__Problem description__.
Copy every record exactly, with nothing left out.

Segment Start: Records for this task

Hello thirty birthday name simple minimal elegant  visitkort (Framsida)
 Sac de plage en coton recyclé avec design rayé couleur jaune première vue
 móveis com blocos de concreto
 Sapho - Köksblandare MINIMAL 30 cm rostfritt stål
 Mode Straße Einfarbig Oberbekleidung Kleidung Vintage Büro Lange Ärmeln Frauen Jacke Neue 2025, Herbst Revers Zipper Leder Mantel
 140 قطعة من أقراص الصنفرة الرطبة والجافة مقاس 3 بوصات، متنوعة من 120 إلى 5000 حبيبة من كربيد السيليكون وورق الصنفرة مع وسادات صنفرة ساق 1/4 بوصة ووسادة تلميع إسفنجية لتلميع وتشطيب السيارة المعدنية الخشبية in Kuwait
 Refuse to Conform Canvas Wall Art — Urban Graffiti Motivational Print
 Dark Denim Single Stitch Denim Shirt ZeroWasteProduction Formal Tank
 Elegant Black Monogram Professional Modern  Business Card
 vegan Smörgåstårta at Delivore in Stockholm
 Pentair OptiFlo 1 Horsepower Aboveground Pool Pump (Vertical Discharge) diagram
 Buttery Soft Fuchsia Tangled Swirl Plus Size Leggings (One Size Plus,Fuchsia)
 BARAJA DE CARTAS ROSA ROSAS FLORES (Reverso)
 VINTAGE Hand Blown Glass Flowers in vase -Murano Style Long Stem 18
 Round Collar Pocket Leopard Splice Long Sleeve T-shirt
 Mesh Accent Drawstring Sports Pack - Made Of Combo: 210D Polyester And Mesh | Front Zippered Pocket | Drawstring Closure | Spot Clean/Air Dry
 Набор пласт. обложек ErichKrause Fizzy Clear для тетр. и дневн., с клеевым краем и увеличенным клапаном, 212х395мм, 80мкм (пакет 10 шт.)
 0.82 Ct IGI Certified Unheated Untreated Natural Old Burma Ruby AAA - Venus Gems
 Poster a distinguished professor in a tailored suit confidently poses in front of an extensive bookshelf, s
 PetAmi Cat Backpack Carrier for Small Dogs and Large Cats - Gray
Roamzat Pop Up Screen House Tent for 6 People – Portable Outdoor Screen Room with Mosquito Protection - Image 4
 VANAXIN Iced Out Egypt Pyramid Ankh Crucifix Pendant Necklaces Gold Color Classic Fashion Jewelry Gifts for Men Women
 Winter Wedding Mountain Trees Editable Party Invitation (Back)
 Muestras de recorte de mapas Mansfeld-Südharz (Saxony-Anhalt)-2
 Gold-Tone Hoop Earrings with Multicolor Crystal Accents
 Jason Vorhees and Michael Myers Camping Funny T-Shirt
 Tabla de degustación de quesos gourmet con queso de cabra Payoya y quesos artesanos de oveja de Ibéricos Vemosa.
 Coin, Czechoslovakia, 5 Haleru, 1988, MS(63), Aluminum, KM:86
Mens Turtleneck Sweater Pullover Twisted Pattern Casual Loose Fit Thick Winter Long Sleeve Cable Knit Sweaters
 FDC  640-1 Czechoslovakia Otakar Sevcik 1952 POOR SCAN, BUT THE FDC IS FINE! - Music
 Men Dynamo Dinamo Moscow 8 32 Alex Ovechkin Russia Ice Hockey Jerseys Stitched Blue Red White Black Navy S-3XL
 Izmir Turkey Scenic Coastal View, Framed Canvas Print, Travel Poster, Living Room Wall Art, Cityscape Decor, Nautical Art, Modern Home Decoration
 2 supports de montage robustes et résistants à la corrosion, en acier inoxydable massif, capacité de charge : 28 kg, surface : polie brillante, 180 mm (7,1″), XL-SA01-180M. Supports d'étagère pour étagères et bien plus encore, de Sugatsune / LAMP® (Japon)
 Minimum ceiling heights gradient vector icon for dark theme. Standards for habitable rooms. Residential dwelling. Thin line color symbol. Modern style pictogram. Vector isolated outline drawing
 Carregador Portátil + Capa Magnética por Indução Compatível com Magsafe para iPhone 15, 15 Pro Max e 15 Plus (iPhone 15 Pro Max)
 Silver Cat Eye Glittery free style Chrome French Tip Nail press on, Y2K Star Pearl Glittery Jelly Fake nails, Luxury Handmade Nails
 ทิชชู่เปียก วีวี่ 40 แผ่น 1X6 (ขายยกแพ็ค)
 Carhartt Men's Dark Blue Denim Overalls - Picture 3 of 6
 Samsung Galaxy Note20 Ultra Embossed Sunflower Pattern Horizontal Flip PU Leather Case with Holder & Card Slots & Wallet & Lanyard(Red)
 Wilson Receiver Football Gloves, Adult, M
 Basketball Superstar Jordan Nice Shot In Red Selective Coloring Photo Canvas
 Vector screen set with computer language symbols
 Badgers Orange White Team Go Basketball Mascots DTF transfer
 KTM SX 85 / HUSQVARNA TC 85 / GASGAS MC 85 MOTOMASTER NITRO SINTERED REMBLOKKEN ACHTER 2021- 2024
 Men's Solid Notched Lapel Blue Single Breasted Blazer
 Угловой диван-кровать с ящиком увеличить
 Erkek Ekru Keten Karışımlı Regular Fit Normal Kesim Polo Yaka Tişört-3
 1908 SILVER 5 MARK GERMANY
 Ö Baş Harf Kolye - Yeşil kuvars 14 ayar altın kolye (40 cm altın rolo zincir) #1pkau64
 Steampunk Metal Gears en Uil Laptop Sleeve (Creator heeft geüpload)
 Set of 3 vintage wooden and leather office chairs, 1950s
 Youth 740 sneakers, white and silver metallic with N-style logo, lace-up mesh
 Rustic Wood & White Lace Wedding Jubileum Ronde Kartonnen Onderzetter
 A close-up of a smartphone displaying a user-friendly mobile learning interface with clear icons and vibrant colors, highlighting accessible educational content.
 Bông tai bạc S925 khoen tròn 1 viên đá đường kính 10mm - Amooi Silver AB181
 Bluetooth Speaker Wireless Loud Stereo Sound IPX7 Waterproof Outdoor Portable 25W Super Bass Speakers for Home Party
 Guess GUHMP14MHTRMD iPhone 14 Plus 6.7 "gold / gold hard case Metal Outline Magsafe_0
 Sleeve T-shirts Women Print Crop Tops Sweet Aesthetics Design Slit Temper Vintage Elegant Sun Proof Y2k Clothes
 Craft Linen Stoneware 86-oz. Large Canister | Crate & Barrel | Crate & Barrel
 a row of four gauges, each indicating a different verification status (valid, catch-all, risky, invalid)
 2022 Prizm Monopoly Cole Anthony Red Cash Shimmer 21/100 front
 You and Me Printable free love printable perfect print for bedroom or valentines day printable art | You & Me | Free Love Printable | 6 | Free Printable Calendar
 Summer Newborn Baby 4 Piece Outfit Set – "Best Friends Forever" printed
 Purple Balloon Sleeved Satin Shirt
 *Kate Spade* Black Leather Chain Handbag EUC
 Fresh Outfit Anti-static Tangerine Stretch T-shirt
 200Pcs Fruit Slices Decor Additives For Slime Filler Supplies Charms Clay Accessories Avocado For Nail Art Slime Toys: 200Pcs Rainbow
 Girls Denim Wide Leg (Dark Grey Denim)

Segment End: Records for this task

__Response below__.
Hello thirty birthday name simple minimal elegant  visitkort (Framsida)
 Sac de plage en coton recyclé avec design rayé couleur jaune première vue
 móveis com blocos de concreto
 Sapho - Köksblandare MINIMAL 30 cm rostfritt stål
 Mode Straße Einfarbig Oberbekleidung Kleidung Vintage Büro Lange Ärmeln Frauen Jacke Neue 2025, Herbst Revers Zipper Leder Mantel
 140 قطعة من أقراص الصنفرة الرطبة والجافة مقاس 3 بوصات، متنوعة من 120 إلى 5000 حبيبة من كربيد السيليكون وورق الصنفرة مع وسادات صنفرة ساق 1/4 بوصة ووسادة تلميع إسفنجية لتلميع وتشطيب السيارة المعدنية الخشبية in Kuwait
 Refuse to Conform Canvas Wall Art — Urban Graffiti Motivational Print
 Dark Denim Single Stitch Denim Shirt ZeroWasteProduction Formal Tank
 Elegant Black Monogram Professional Modern  Business Card
 vegan Smörgåstårta at Delivore in Stockholm
 Pentair OptiFlo 1 Horsepower Aboveground Pool Pump (Vertical Discharge) diagram
 Buttery Soft Fuchsia Tangled Swirl Plus Size Leggings (One Size Plus,Fuchsia)
 BARAJA DE CARTAS ROSA ROSAS FLORES (Reverso)
 VINTAGE Hand Blown Glass Flowers in vase -Murano Style Long Stem 18
 Round Collar Pocket Leopard Splice Long Sleeve T-shirt
 Mesh Accent Drawstring Sports Pack - Made Of Combo: 210D Polyester And Mesh | Front Zippered Pocket | Drawstring Closure | Spot Clean/Air Dry
 Набор пласт. обложек ErichKrause Fizzy Clear для тетр. и дневн., с клеевым краем и увеличенным клапаном, 212х395мм, 80мкм (пакет 10 шт.)
 0.82 Ct IGI Certified Unheated Untreated Natural Old Burma Ruby AAA - Venus Gems
 Poster a distinguished professor in a tailored suit confidently poses in front of an extensive bookshelf, s
 PetAmi Cat Backpack Carrier for Small Dogs and Large Cats - Gray
Roamzat Pop Up Screen House Tent for 6 People – Portable Outdoor Screen Room with Mosquito Protection - Image 4
 VANAXIN Iced Out Egypt Pyramid Ankh Crucifix Pendant Necklaces Gold Color Classic Fashion Jewelry Gifts for Men Women
 Winter Wedding Mountain Trees Editable Party Invitation (Back)
 Muestras de recorte de mapas Mansfeld-Südharz (Saxony-Anhalt)-2
 Gold-Tone Hoop Earrings with Multicolor Crystal Accents
 Jason Vorhees and Michael Myers Camping Funny T-Shirt
 Tabla de degustación de quesos gourmet con queso de cabra Payoya y quesos artesanos de oveja de Ibéricos Vemosa.
 Coin, Czechoslovakia, 5 Haleru, 1988, MS(63), Aluminum, KM:86
Mens Turtleneck Sweater Pullover Twisted Pattern Casual Loose Fit Thick Winter Long Sleeve Cable Knit Sweaters
 FDC  640-1 Czechoslovakia Otakar Sevcik 1952 POOR SCAN, BUT THE FDC IS FINE! - Music
 Men Dynamo Dinamo Moscow 8 32 Alex Ovechkin Russia Ice Hockey Jerseys Stitched Blue Red White Black Navy S-3XL
 Izmir Turkey Scenic Coastal View, Framed Canvas Print, Travel Poster, Living Room Wall Art, Cityscape Decor, Nautical Art, Modern Home Decoration
 2 supports de montage robustes et résistants à la corrosion, en acier inoxydable massif, capacité de charge : 28 kg, surface : polie brillante, 180 mm (7,1″), XL-SA01-180M. Supports d'étagère pour étagères et bien plus encore, de Sugatsune / LAMP® (Japon)
 Minimum ceiling heights gradient vector icon for dark theme. Standards for habitable rooms. Residential dwelling. Thin line color symbol. Modern style pictogram. Vector isolated outline drawing
 Carregador Portátil + Capa Magnética por Indução Compatível com Magsafe para iPhone 15, 15 Pro Max e 15 Plus (iPhone 15 Pro Max)
 Silver Cat Eye Glittery free style Chrome French Tip Nail press on, Y2K Star Pearl Glittery Jelly Fake nails, Luxury Handmade Nails
 ทิชชู่เปียก วีวี่ 40 แผ่น 1X6 (ขายยกแพ็ค)
 Carhartt Men's Dark Blue Denim Overalls - Picture 3 of 6
 Samsung Galaxy Note20 Ultra Embossed Sunflower Pattern Horizontal Flip PU Leather Case with Holder & Card Slots & Wallet & Lanyard(Red)
 Wilson Receiver Football Gloves, Adult, M
 Basketball Superstar Jordan Nice Shot In Red Selective Coloring Photo Canvas
 Vector screen set with computer language symbols
 Badgers Orange White Team Go Basketball Mascots DTF transfer
 KTM SX 85 / HUSQVARNA TC 85 / GASGAS MC 85 MOTOMASTER NITRO SINTERED REMBLOKKEN ACHTER 2021- 2024
 Men's Solid Notched Lapel Blue Single Breasted Blazer
 Угловой диван-кровать с ящиком увеличить
 Erkek Ekru Keten Karışımlı Regular Fit Normal Kesim Polo Yaka Tişört-3
 1908 SILVER 5 MARK GERMANY
 Ö Baş Harf Kolye - Yeşil kuvars 14 ayar altın kolye (40 cm altın rolo zincir) #1pkau64
 Steampunk Metal Gears en Uil Laptop Sleeve (Creator heeft geüpload)
 Set of 3 vintage wooden and leather office chairs, 1950s
 Youth 740 sneakers, white and silver metallic with N-style logo, lace-up mesh
 Rustic Wood & White Lace Wedding Jubileum Ronde Kartonnen Onderzetter
 A close-up of a smartphone displaying a user-friendly mobile learning interface with clear icons and vibrant colors, highlighting accessible educational content.
 Bông tai bạc S925 khoen tròn 1 viên đá đường kính 10mm - Amooi Silver AB181
 Bluetooth Speaker Wireless Loud Stereo Sound IPX7 Waterproof Outdoor Portable 25W Super Bass Speakers for Home Party
 Guess GUHMP14MHTRMD iPhone 14 Plus 6.7 "gold / gold hard case Metal Outline Magsafe_0
 Sleeve T-shirts Women Print Crop Tops Sweet Aesthetics Design Slit Temper Vintage Elegant Sun Proof Y2k Clothes
 Craft Linen Stoneware 86-oz. Large Canister | Crate & Barrel | Crate & Barrel
 a row of four gauges, each indicating a different verification status (valid, catch-all, risky, invalid)
 2022 Prizm Monopoly Cole Anthony Red Cash Shimmer 21/100 front
 You and Me Printable free love printable perfect print for bedroom or valentines day printable art | You & Me | Free Love Printable | 6 | Free Printable Calendar
 Summer Newborn Baby 4 Piece Outfit Set – "Best Friends Forever" printed
 Purple Balloon Sleeved Satin Shirt
 *Kate Spade* Black Leather Chain Handbag EUC
 Fresh Outfit Anti-static Tangerine Stretch T-shirt
 200Pcs Fruit Slices Decor Additives For Slime Filler Supplies Charms Clay Accessories Avocado For Nail Art Slime Toys: 200Pcs Rainbow
 Girls Denim Wide Leg (Dark Grey Denim)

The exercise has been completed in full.